Sampling for disease surveillance purposes
Within the EU surveillance programme for avian influenza, approx 127,000 poultry
holdings were sampled during 2007. These were generally blood samples and, although
some were taken at slaughter, others were taken from live birds. Although blood
sampling in commercial poultry on farm is often done by trained and skilled staff, the
process of catching the birds and puncturing a vessel in order to withdraw blood will
inevitably be related to a certain amount of stress in the birds. As a part of the EU AI
surveillance programme, a large number of wild birds are also sampled every year. In the
EU member states a total of almost 80,000 wild birds were trapped and submitted to
cloacal and/or laryngeal swabbing during 2007. It can be assumed that the welfare these
birds was temporarily compromised during the sampling, although there are no
indications of any lasting harm.
Concluding remarks
It is obvious that the threat from avian influenza and other contagious diseases has
influenced poultry welfare in several ways.
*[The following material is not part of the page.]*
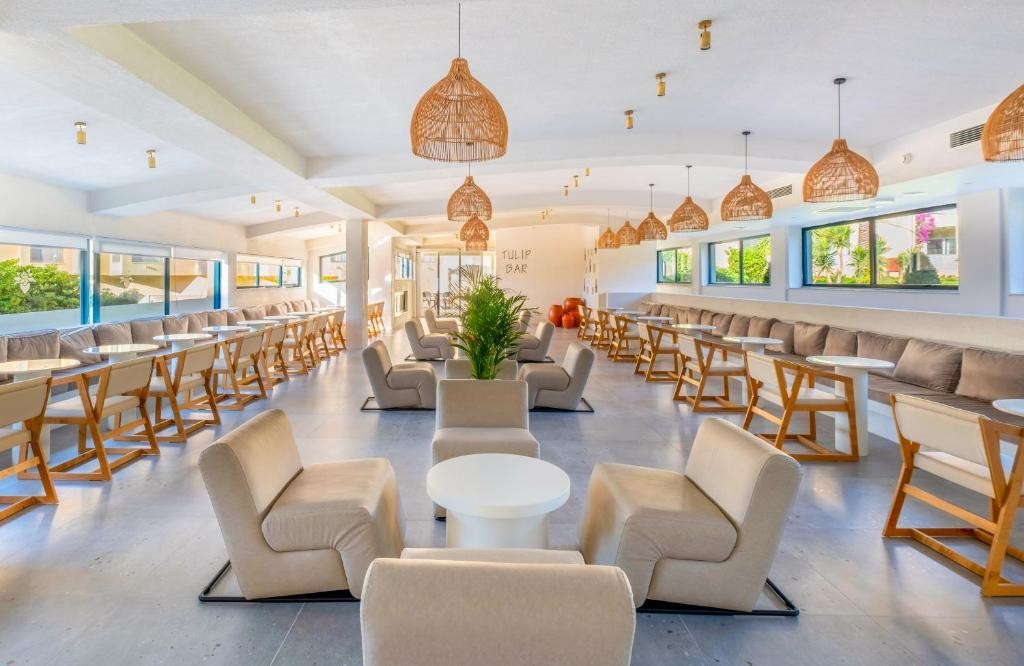 LE JARDIN RESORT (EX.QUEENS PARK LE JARDIN HOTEL)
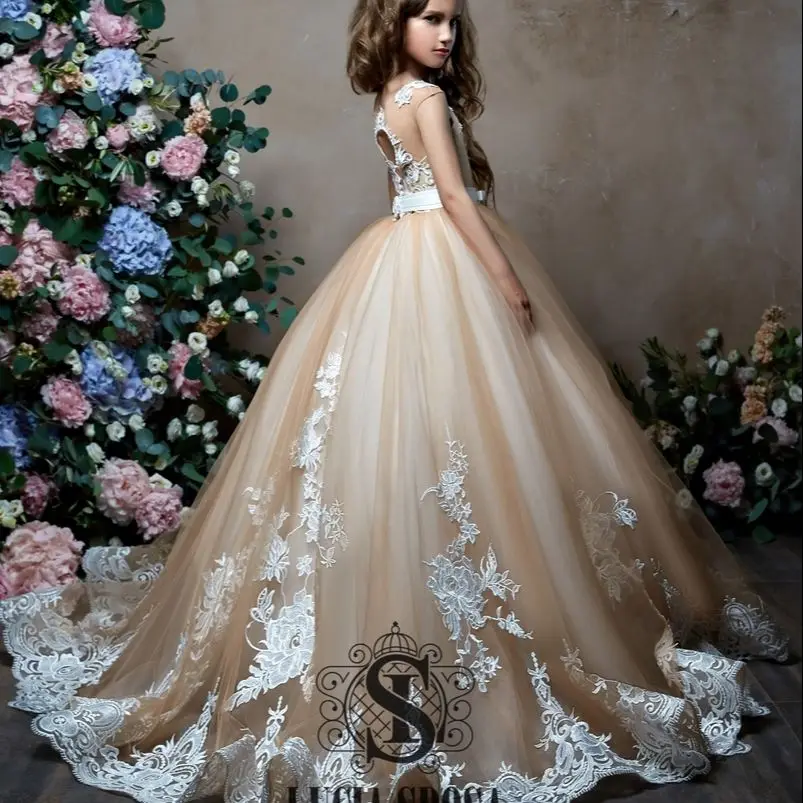 

FATAPAESE Luxury Princess Ball Gowns for Kids Flower Girl Dresses Lace Edged Sleevelss Maxi Dress FluffyTulle Cathedral Train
Structured contingency planning has become
an important task for all governments, thereby reducing the risk of completely non-
humane methods being used to kill birds in case of a disease outbreak. Disease in itself is
always detrimental, but the awareness of such risks has generally led to improved
biosecurity and hence improved bird welfare. Outdoor access is considered beneficial for
the welfare of many types of poultry, but future systems for free-ranging flocks must be
designed to minimize the contact between poultry and wild birds, rodents and visiting
humans, to prevent transmission of contagious diseases.